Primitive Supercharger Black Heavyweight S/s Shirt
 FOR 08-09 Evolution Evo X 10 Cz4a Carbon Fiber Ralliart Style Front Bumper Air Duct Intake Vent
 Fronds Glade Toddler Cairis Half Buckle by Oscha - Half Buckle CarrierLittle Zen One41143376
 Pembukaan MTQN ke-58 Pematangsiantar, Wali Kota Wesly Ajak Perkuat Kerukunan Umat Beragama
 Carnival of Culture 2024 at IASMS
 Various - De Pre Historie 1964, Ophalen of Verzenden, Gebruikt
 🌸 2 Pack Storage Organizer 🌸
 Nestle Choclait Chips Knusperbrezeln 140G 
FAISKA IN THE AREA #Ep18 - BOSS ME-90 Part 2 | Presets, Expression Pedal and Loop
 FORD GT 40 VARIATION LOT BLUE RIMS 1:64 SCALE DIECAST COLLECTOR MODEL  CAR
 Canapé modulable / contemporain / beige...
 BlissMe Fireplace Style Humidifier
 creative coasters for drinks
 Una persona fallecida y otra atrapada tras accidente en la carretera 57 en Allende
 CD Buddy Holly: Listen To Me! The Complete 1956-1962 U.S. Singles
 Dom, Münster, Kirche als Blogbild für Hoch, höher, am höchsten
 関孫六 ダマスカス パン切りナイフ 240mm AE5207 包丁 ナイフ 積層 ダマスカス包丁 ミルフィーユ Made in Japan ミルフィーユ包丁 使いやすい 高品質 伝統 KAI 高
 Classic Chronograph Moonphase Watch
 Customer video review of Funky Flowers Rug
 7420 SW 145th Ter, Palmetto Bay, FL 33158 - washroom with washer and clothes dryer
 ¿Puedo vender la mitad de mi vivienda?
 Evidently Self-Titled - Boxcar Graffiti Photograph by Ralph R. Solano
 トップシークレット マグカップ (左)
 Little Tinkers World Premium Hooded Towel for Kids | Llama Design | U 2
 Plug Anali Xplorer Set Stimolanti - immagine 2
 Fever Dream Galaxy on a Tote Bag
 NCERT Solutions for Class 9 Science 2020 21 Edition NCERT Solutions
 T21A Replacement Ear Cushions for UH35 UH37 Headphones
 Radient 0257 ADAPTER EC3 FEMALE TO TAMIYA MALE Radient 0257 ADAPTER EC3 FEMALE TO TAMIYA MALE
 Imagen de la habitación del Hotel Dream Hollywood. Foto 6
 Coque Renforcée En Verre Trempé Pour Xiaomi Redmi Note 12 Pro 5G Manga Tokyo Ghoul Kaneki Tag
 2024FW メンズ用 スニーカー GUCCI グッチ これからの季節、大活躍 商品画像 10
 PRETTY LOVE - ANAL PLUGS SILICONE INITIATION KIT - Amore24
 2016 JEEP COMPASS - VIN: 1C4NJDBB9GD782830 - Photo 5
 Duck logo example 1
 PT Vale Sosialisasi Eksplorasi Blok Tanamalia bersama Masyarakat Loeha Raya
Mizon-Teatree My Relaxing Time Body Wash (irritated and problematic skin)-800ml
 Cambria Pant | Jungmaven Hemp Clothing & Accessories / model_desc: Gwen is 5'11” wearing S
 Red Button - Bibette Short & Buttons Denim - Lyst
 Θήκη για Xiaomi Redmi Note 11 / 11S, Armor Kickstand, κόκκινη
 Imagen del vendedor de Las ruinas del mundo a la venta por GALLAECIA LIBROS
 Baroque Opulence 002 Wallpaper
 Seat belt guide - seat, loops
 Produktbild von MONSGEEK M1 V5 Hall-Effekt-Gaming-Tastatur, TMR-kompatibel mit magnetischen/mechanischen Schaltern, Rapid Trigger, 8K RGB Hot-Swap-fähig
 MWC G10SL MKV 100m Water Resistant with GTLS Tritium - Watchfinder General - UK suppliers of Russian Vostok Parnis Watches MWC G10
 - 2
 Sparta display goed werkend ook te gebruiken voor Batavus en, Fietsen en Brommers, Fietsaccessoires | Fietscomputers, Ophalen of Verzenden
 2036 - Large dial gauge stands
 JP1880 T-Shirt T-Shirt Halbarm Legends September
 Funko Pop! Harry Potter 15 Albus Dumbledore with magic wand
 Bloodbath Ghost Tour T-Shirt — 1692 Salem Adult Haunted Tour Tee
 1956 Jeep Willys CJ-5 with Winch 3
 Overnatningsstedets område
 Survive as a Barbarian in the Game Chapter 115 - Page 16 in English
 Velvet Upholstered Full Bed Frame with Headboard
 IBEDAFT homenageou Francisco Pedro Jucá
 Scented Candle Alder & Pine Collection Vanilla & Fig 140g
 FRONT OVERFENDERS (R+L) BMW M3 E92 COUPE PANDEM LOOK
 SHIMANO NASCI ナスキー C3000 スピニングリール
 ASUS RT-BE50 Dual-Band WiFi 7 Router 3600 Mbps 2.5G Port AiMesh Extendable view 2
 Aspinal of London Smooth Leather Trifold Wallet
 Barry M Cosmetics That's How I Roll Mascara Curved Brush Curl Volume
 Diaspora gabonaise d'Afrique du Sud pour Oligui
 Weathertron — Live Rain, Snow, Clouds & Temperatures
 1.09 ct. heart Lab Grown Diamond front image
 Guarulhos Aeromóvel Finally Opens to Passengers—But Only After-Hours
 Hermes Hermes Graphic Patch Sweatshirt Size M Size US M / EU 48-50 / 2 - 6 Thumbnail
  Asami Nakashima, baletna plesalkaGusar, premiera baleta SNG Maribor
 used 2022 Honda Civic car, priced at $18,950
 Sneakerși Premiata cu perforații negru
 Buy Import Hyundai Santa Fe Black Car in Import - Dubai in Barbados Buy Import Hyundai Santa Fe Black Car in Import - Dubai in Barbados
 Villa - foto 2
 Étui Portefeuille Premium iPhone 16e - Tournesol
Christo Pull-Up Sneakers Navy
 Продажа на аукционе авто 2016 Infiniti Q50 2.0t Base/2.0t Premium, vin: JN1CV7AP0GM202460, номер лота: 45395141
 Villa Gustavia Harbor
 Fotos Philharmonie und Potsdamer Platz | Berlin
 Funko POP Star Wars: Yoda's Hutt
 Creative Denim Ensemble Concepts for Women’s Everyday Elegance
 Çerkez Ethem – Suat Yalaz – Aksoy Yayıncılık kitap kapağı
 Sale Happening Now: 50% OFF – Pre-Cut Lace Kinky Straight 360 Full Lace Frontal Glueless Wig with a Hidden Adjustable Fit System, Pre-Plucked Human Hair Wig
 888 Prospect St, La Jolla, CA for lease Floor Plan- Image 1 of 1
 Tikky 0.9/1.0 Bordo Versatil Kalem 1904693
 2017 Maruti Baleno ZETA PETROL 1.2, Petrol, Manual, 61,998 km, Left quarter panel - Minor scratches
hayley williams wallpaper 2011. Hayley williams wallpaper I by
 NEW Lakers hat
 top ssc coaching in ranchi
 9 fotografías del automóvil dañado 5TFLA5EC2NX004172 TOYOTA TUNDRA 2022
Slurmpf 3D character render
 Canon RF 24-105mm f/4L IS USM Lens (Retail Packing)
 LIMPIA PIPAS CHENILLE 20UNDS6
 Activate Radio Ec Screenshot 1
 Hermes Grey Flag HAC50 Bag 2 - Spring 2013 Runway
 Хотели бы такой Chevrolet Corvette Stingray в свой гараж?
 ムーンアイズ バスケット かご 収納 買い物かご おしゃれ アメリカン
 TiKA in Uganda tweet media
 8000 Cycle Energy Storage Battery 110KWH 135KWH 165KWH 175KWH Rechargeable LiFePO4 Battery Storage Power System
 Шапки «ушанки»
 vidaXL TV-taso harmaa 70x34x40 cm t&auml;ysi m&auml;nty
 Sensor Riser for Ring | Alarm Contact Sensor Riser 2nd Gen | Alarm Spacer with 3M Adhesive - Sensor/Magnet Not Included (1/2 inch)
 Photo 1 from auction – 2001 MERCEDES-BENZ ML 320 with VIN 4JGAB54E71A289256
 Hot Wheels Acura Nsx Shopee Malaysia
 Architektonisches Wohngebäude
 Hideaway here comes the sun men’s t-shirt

· · ·

The line that contains "Sensor Riser for", the final line of the listing, and every line between them are to be retyped exactly; nothing else.

### Your response:
 Sensor Riser for Ring | Alarm Contact Sensor Riser 2nd Gen | Alarm Spacer with 3M Adhesive - Sensor/Magnet Not Included (1/2 inch)
 Photo 1 from auction – 2001 MERCEDES-BENZ ML 320 with VIN 4JGAB54E71A289256
 Hot Wheels Acura Nsx Shopee Malaysia
 Architektonisches Wohngebäude
 Hideaway here comes the sun men’s t-shirt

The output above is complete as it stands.